Original Query:
Declan runs to his foster parents to say he loves them, he’s sorry, and he hopes he’ll make it out of the Federation alive. If he doesn’t than he was either hung for treason or eaten by a loose hellhound. For the beast’s sake, Declan hoped he wouldn’t taste too gamey.
Except the twenty-story perimeter walls stand in his way. Built to keep out the horrors of the Third World War, Declan has no option but to trust the journals left to him by his murdered birth parents. According to them, the walls are nothing more than a government-made cage, there is still life out there, and it’s Declan’s only hope.

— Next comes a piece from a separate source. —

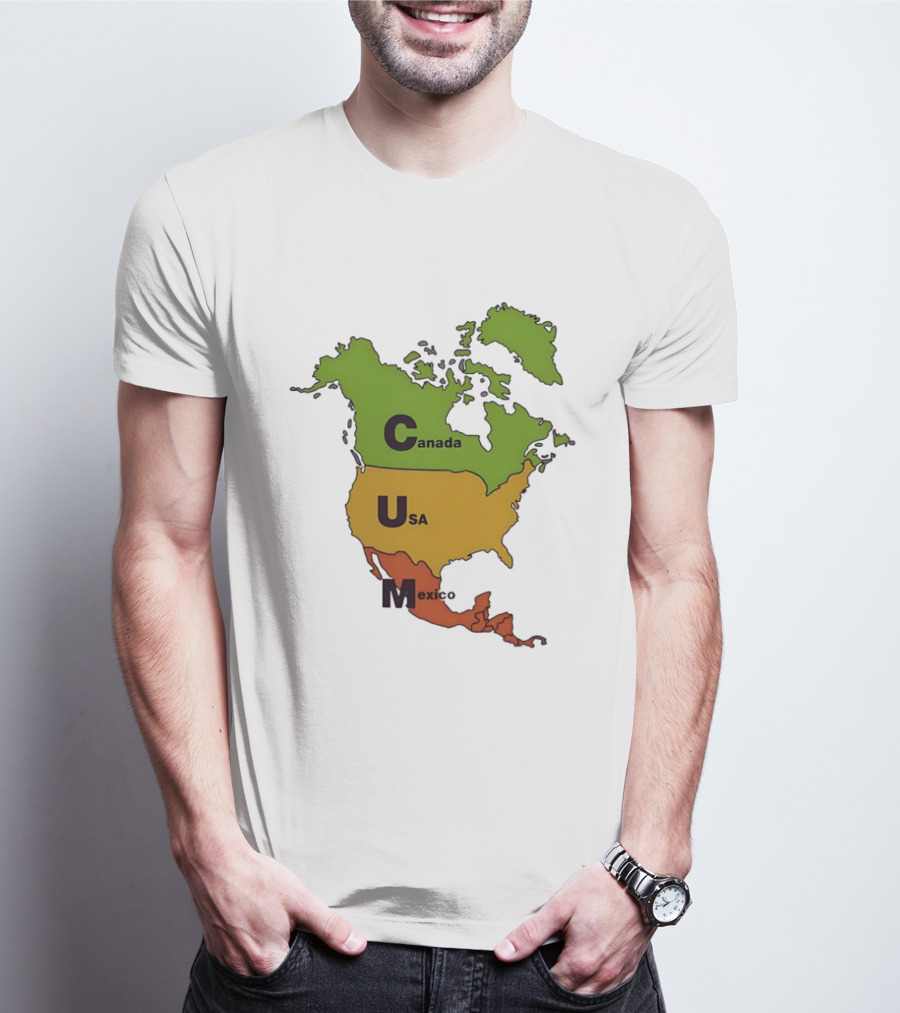 Canada USA Mexico Map CUM Bold Letters T-Shirt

Bleeding and in a burning prison, Declan has to trust a gang of misfits and escapes to the sewers. Using a forgotten passage, Declan steps out onto the English countryside, wild and abandoned, with the Federation long behind him. A city in the distance catches his interest and he quickly discovers his parents weren’t that wrong after all. There is life left on the outside, just not the kind of people he was expecting. The city’s vengeful inhabitants, an army of forgotten soldiers, are in the process of waging war and Declan is standing on the wrong side of the battlefield.
Apparently, the Federation walls really were built for protection.
CHILDREN OF THE DAMNED is a complete 75,000-word YA science fiction about adventure, friendship, and self-discovery. It can either stand alone or be the first of one or two more in a series.
And now for the crit. My comments are in purple:
Declan runs (I’m not sure whether this is literal or if you mean that Declan ‘goes’ to his foster parents) to his foster parents to say he loves them, he’s sorry, and he hopes he’ll make it out of the Federation alive Intriguing, but I’m not sure this is enough of a hook. If he doesn’t then he‘ll either be (queries are always in present and sometimes future tense) hung (hanged usually when referring to people but this might be a regional thing) for treason or eaten by a loose hellhound (whoa, what? Federation and treason makes me think sci-fi, but the hellhound part threw me. I think you need to include a little more world-building in this opening paragraph to help orientate us. The where and when is important in genre fiction). For the beast’s sake, Declan hopes he won’t taste too gamey. (This last sentence doesn’t add much at all. Why does Declan even care about the creature that’s about to eat him? This first paragraph hasn’t really captured my attention the way it needs to.)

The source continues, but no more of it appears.